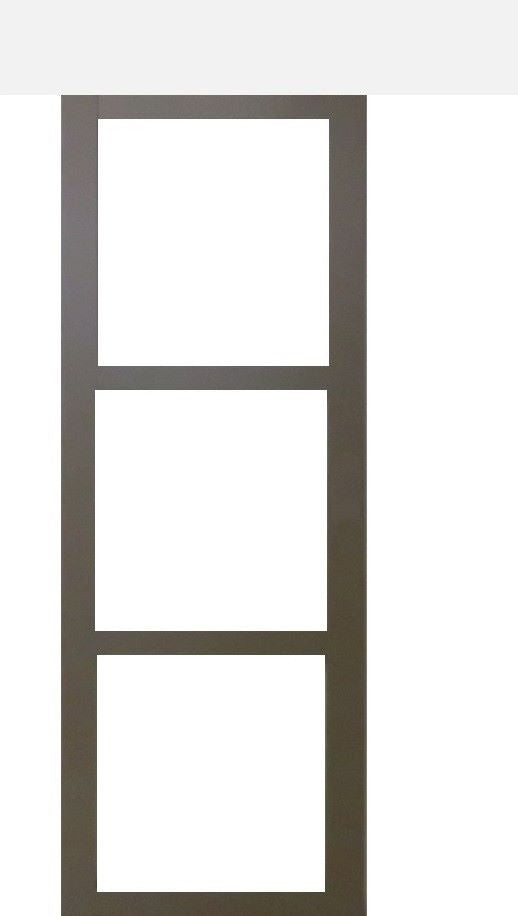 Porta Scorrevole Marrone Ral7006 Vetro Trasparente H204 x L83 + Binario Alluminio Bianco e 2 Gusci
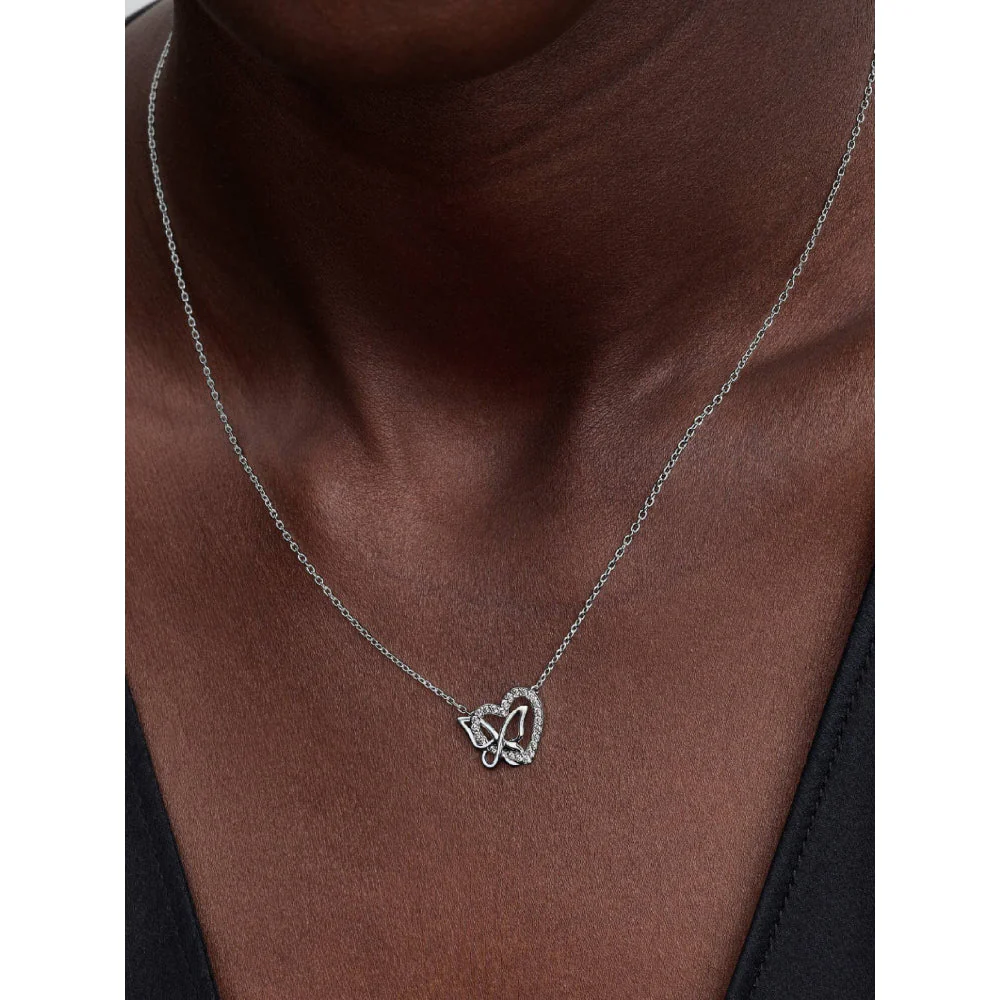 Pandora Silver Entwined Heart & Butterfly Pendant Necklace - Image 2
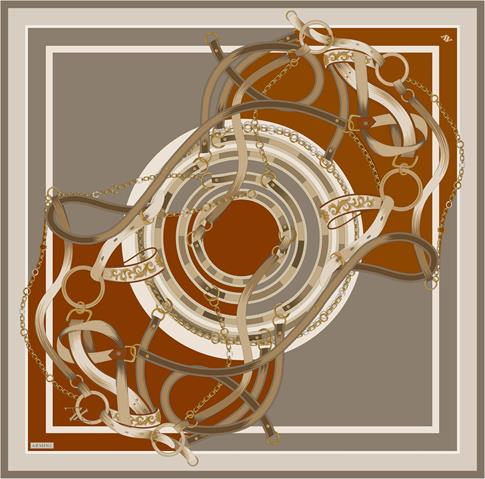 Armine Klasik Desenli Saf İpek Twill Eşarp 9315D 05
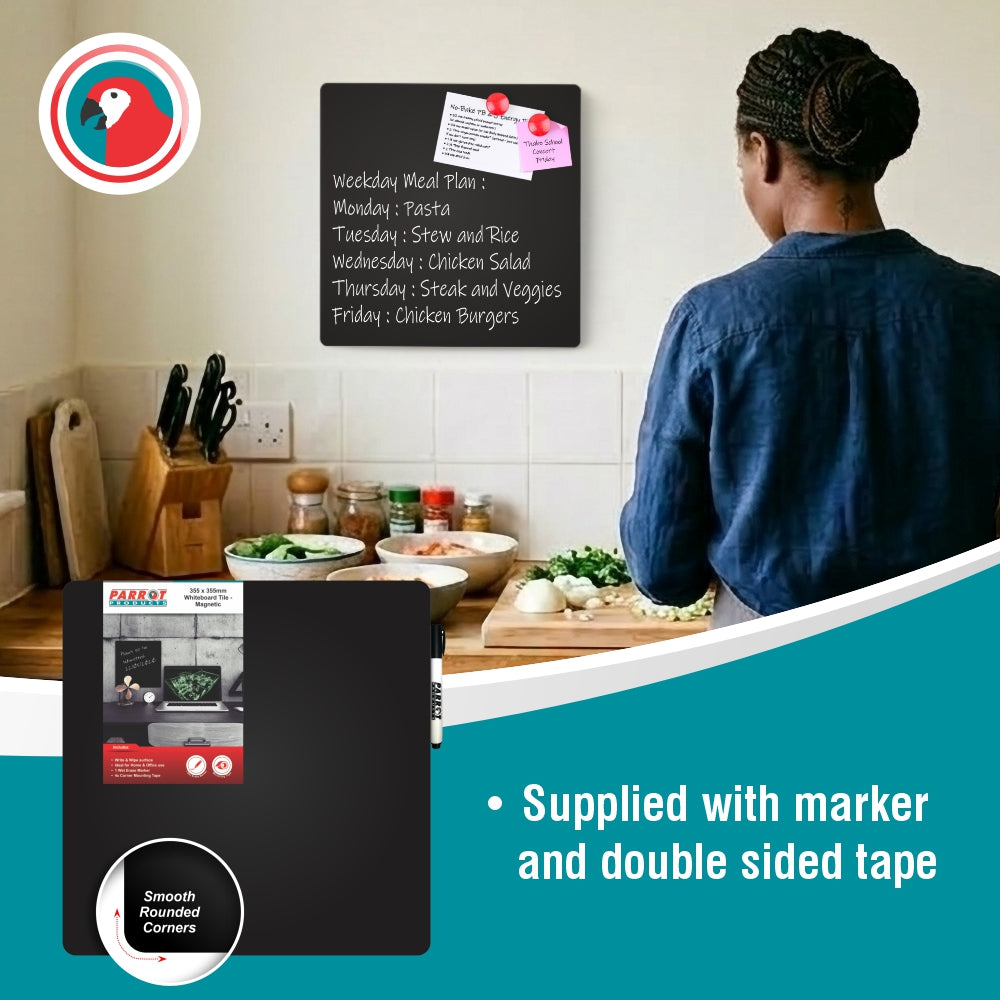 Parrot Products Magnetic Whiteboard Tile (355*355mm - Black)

════════════════════

■ WHAT IS BEING ASKED ■
Write out, with no pictures, only the lines from the line containing "Armine Klasik Desenli" through the last line of the listing above, exactly and with both ends included.

■ RESULT OF THE TASK ■
 Armine Klasik Desenli Saf İpek Twill Eşarp 9315D 05
 Parrot Products Magnetic Whiteboard Tile (355*355mm - Black)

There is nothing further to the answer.